Beer tourism is on the rise, and along with it is the rise of the beer-themed hotel and the brewery inn. From brewpub bed and breakfasts, like The Woodstock Inn & Resort and Moat Mountain Smoke House & Brewing Co. in New Hampshire, to beer-themed Airbnbs, where guests can sleep in a converted beer barrel or next door to a brewery, overnight stays offer an even more intimate beercation.
Along the summer destination of mid-coast Maine, Oxbow Brewing Co. has opened up a three-bedroom farmhouse, the original home of two of Oxbow’s owners, Dash and Geoff Masland, to travelers via Airbnb. The rustic retreat includes a $25 voucher to the tasting room and an offer to tour the brewery and 18-acre farmhouse grounds, which feature a roving flock of guinea fowl, a barn cat named Dizzy, four beehives and strawberries, raspberries and blackberries bushes along with a grove of cherry trees.
An overnight visit to the brewery can also help guests better understand the beer, says Dash Masland.
“This property has really influenced who we’ve become as a brewery.
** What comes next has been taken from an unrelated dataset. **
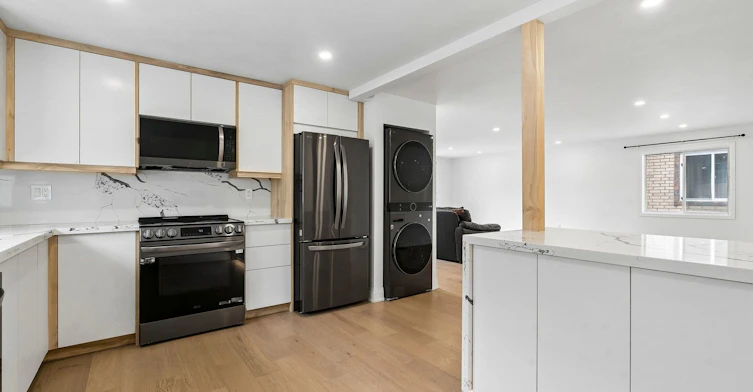 Main Floor-84 Irwin Drive, Barrie, ON, L4N 7A8 - 5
We think being up in that farmhouse, experiencing the kind of home that started it all, helps bring that all together.”
A brewery-owned inn makes sense for a destination brewery like Dogfish Head Craft Brewery, which draws beer travelers from across the country to its pub and production brewery. Since July 2014, guests have been able to take their Dogfish experience to the next level with a stay at the retro-stylish Dogfish Inn in Lewes, Delaware, featuring 16 rooms stocked with beer soap and a mini-fridge with glassware. The inn itself doesn’t have a bar, but is located 6 miles from the Dogfish pub and 11 miles from the production brewery.
Emily Tipps, owner of Tipping T ranch in Austin, Texas, estimates that 40 percent of the guests choose the ranch for its proximity, via a private path, to farmhouse brewery Jester King. Tipps caters to the crowd with a bottle of local beer stocked in every room and with recommendations for touring the beer scene—like Twisted X Brewery and Thirsty Planet, as well as distilleries and wineries—as part of the attractions.
The beer tourists have been great for business, says Tipps, although they have been known to leave their mark. The tell-tale sign? Tipps says that after one birthday guest checked out, she found 26 beer bottles neatly arranged on the dining room table.